The reply should reproduce every line of the data below word for word, minus any images.

## [Available data]
══════
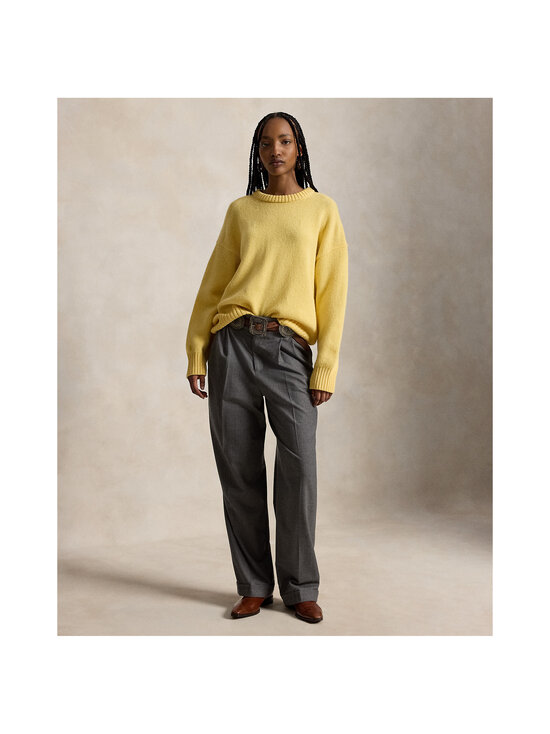 Polo Ralph Lauren - Adīts džemperis - 001 FALL YELLOW | Stockmann - photo 4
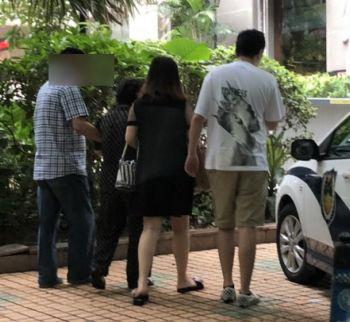 深入调查,循线追捕,抓获女子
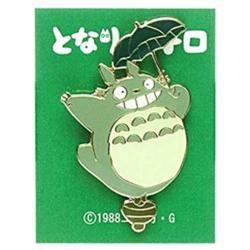 Pin Totoro volando Mi Vecino Totoro - Imagen 1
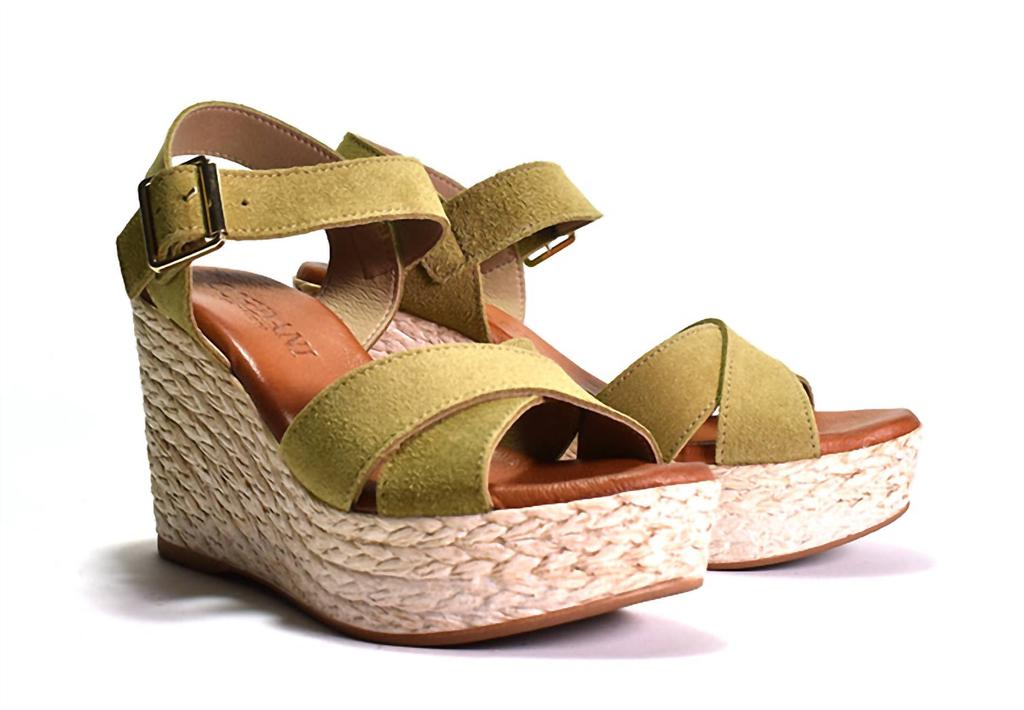 CORDANI Cordani - Brittany Wedge Sandal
══════
## [The answer]
 Polo Ralph Lauren - Adīts džemperis - 001 FALL YELLOW | Stockmann - photo 4
 深入调查,循线追捕,抓获女子
 Pin Totoro volando Mi Vecino Totoro - Imagen 1
 CORDANI Cordani - Brittany Wedge Sandal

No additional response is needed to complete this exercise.